On December 28, 2017, the U.S. Department of Health and Human Services (HHS) Office for Civil Rights (OCR) announced that 21st Century Oncology, Inc. (21CO) agreed to pay $2.3 Million in lieu of potential civil money penalties and enter into a two-year Corrective Action Plan (CAP) to settle potential HIPAA Privacy and Security violations. This is the eighth HIPAA settlement announced by the Trump Administration, and the first since May 2017 (relating to an impermissible disclosure of HIV information).
21CO is an international provider of cancer care services and radiation oncology, with headquarters in Ft. Myers, Florida. 21CO has 143 cancer treatment centers in 17 states in the U.S. 21CO filed for bankruptcy in May, 2017 and this HIPAA settlement was approved by the Bankruptcy Court.
The HIPAA settlement resulted from an investigation by the FBI which informed 21CO – on two separate occasions in 2015 – that its patients’ information was illegally obtained by an unauthorized third party. 21CO’s internal investigation determined that the inappropriate access to 21CO’s database may have occurred through a remote desktop protocol from one of its exchange servers. 21CO determined that more than 2.2 million individuals were impacted by the impermissible access to names, social security numbers, physicians’ names, and diagnosis and treatment information.

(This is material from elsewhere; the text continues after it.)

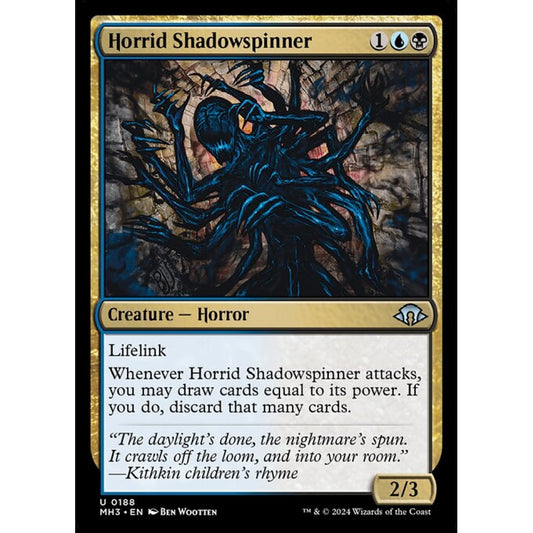 Horrid Shadowspinner (U 188 MH3)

OCR’s investigation determined that 21CO (i) failed to conduct an accurate and thorough assessment of the potential risks and vulnerabilities to the confidentiality, integrity and availability of its electronic protected health information (ePHI); (ii) failed to implement security measures sufficient to reduce the risks and vulnerabilities to a reasonable and appropriate level; (iii) failed to implement procedures to regularly review records of its information system activity; and, (iv) disclosed PHI to third party vendors who were acting as business associates without having written business associate agreement in place.
As part of the CAP, 21CO agreed to do each of the following:
- complete a risk analysis and risk management plan;
- revise certain of its security policies and procedures;
- once HHS approves the policies and procedures, distribute them to members of its workforce;
- catalog each of its business associate relationships;
- develop an internal monitoring plan, and engage a third party assessor to review its compliance efforts;
- develop an internal reporting plan of any potential HIPAA violations; and
- prepare annual reports to HHS regarding its CAP compliance.
As we begin 2018, covered entities and business associates should re-visit their HIPAA Privacy, Security and Breach Notification policies and procedures to ensure internal compliance and make timely adjustments as appropriate. The start of a new year is also an opportune time to determine the last time a HIPAA security risk assessment was performed, and conduct a new assessment if applicable. While HIPAA compliance has not been in the news as prominently the past several months – certainly not as much as the debate around health care reform and the repeal of the Affordable Care Act, and horizontal and vertical integration in the health care delivery system – it remains a critical element of an effective compliance program. The HIPAA Security Rule seems to get less attention than the HIPAA Privacy Rule by entities, though it is just as important and an alleged violation of the Security Rule can likely affect far more individuals and be far more costly in terms of a settlement with HHS. Cybersecurity issues affecting health care providers were prominent in 2017 and can be anticipated to continue. Ensuring compliance with the HIPAA Security Rule’s physical, technical and administrative safeguards – both required and addressable implementation specifications – should be a 2018 priority.